Problem to work on
Quote word for word from the line holding "Il Volo Del" to the last line below, including both, and omit any pictures.

[[ Data to examine, beginning ]]

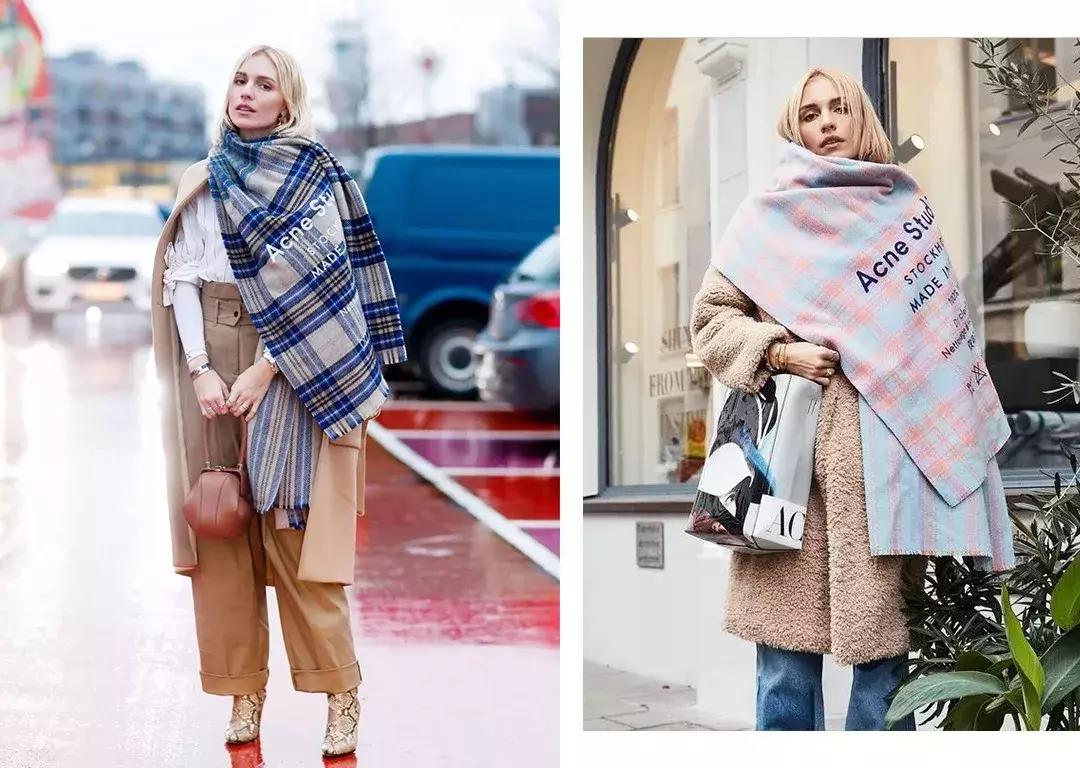 超详细围巾打法,划重点三分钟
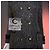 Chanel 10K$ Sequin Cashmere Jacket with CC Eagle Buttons 38 FR Multiple colors - view 10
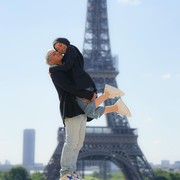 Potret Kompak dan Modis Liburan Lesti Kejora dan Rizky Billar Ke Luar Negeri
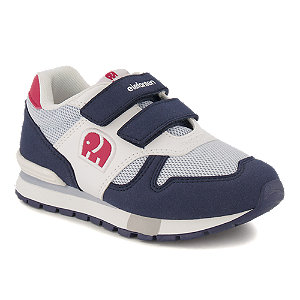 Elefanten Hoffy Weite W VI Jungen Sneaker Blau 26-30, 29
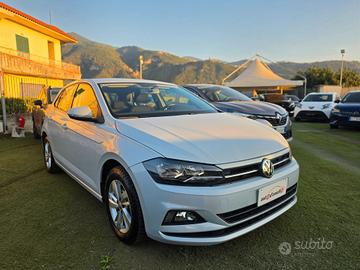 Volkswagen Polo 1.6 TDI 95 CV 5p. Comfortline Blue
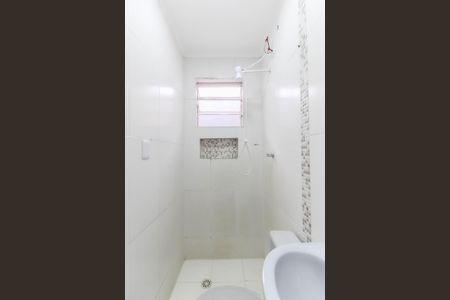 Casa de condomínio à venda com 68m², 2 quartos e 1 vagaBanheiro da Suíte 2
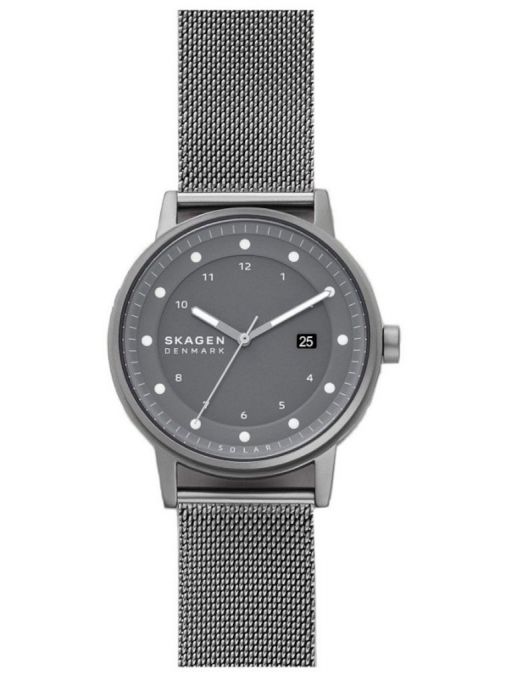 ZEGAREK SKAGEN HENRIKSEN SOLAR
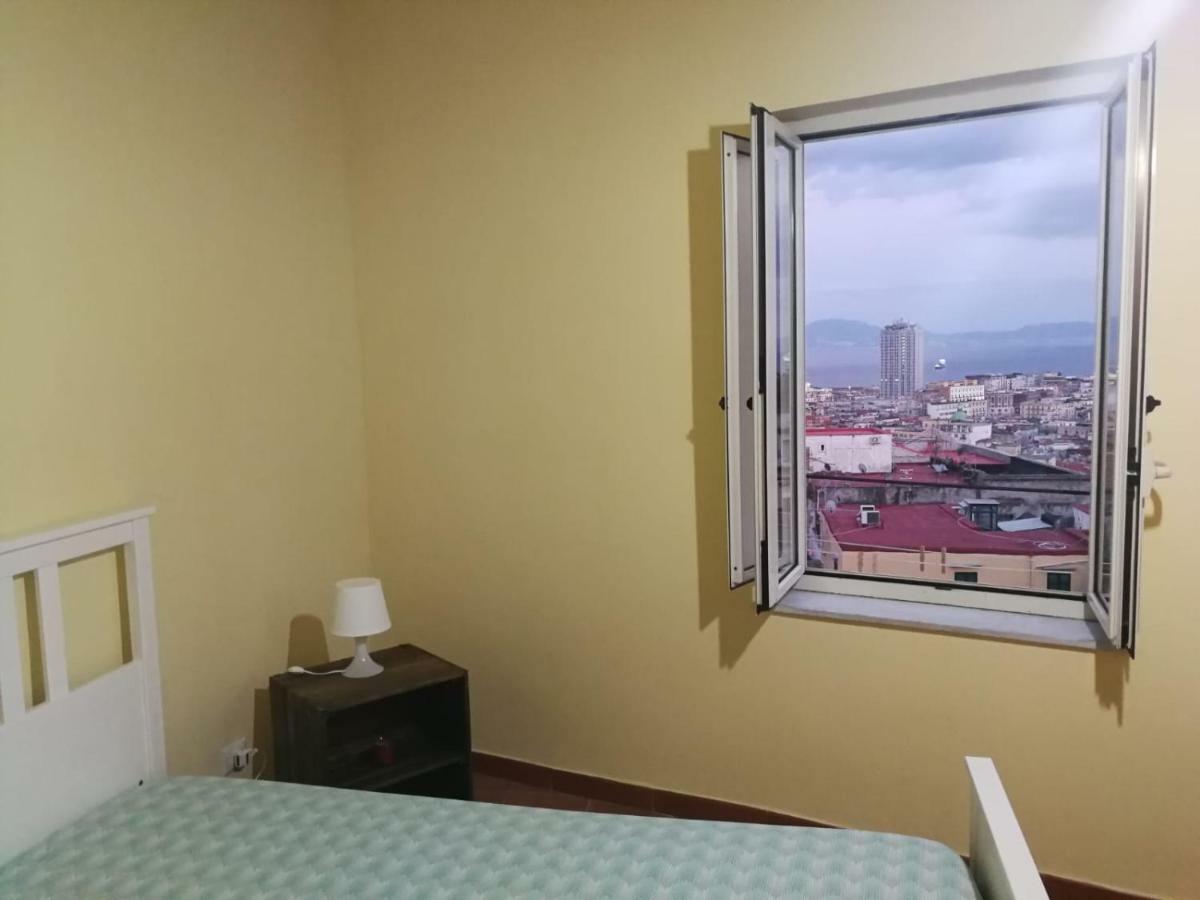 Il Volo Del Gabbiano Apartment Наполи Екстериор снимка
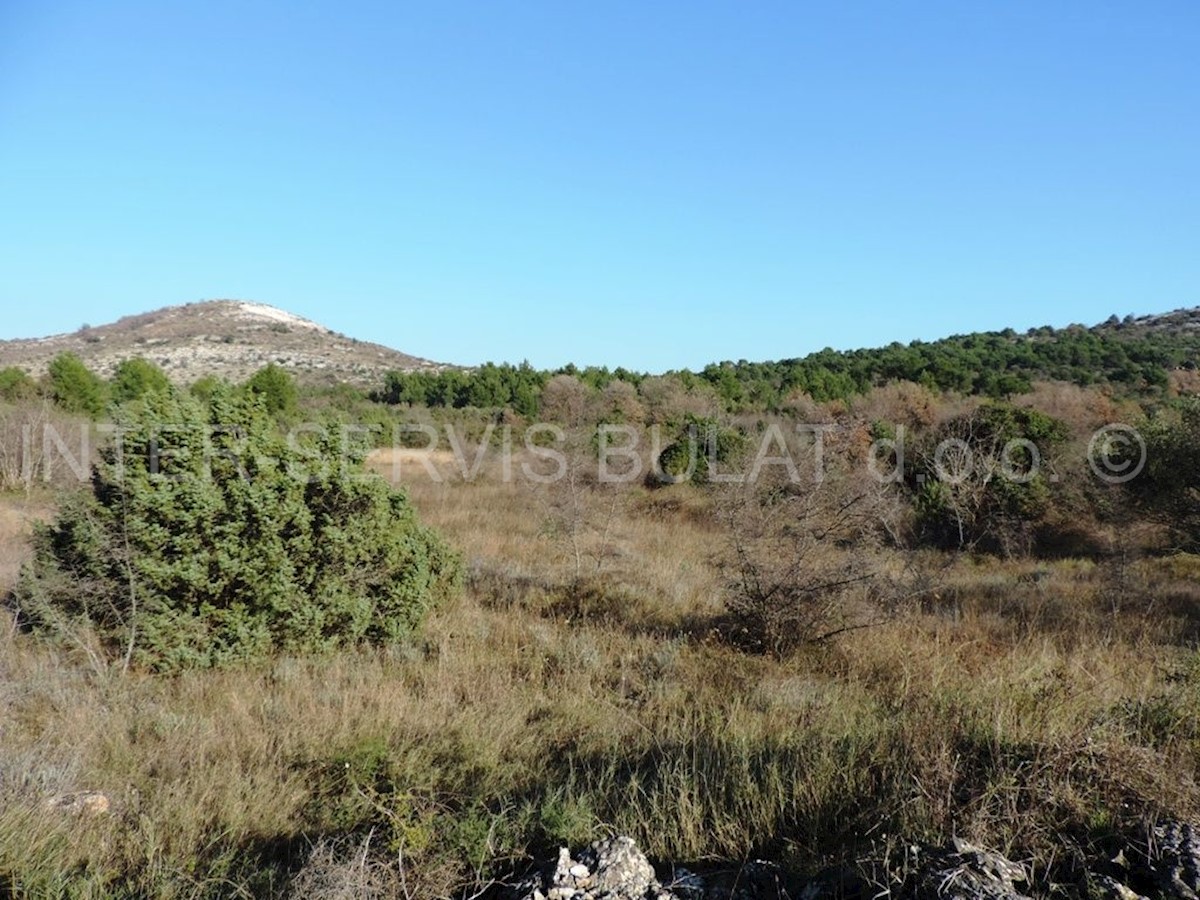 Land For sale - ŠIBENSKO-KNINSKA VODICE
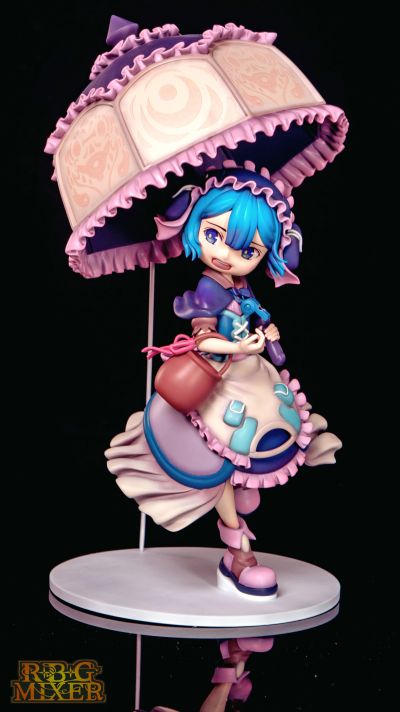 来自深渊  雷格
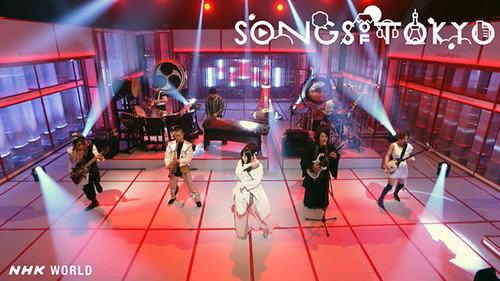 Songs of Tokyo Season 2 Episode 2 - WAGAKKIBAND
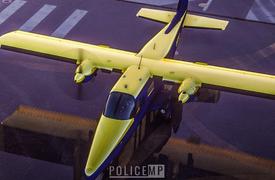 Back in the Skies: NPAS Fixed Wing Plane Returns to Service!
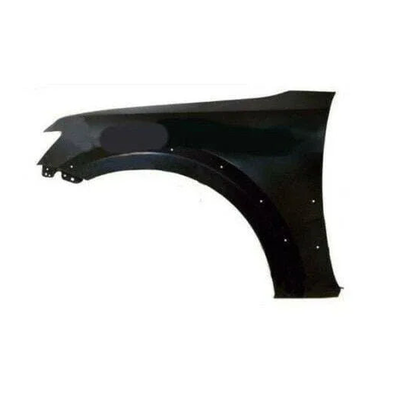 Fits Mitsubishi Pajero/Shogun 2007- Front Wing Primed Passenger Side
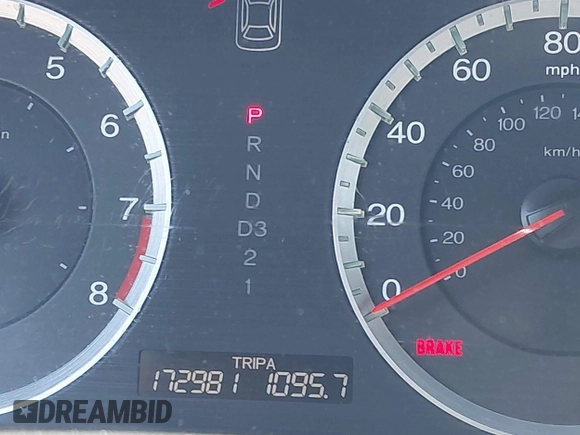 2008 Honda Accord EX with VIN JHMCP267X8C027191, listed as a IAAI auction lot 42208229 with 172,981 mi miles and . Bid and sale history available at DreamBid. Image 7.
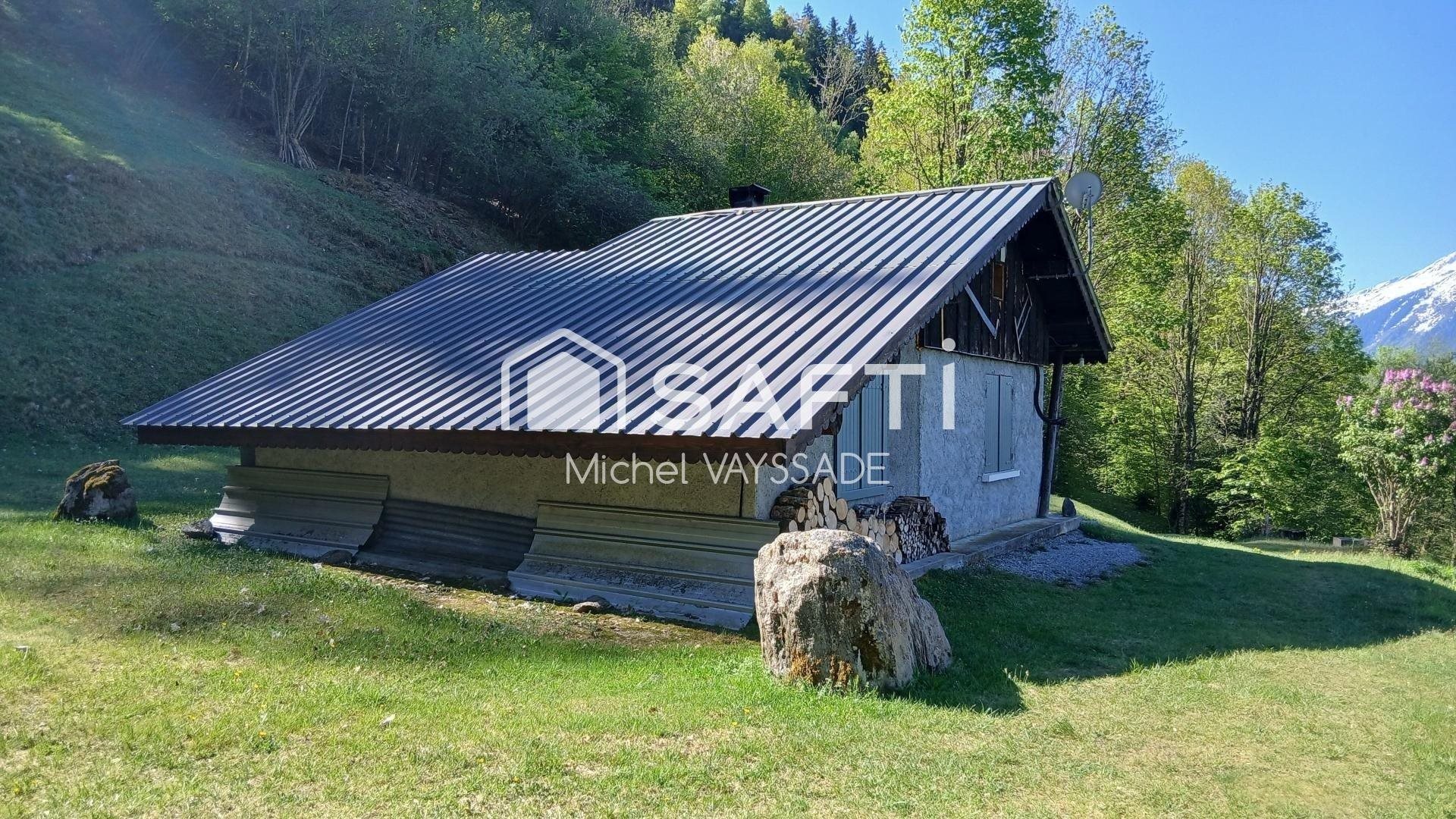 Maison à vendre, 30m², Tours-en-Savoie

[[ Data to examine, end ]]

Answer space
 Il Volo Del Gabbiano Apartment Наполи Екстериор снимка
 Land For sale - ŠIBENSKO-KNINSKA VODICE
 来自深渊  雷格
 Songs of Tokyo Season 2 Episode 2 - WAGAKKIBAND
 Back in the Skies: NPAS Fixed Wing Plane Returns to Service!
 Fits Mitsubishi Pajero/Shogun 2007- Front Wing Primed Passenger Side
 2008 Honda Accord EX with VIN JHMCP267X8C027191, listed as a IAAI auction lot 42208229 with 172,981 mi miles and . Bid and sale history available at DreamBid. Image 7.
 Maison à vendre, 30m², Tours-en-Savoie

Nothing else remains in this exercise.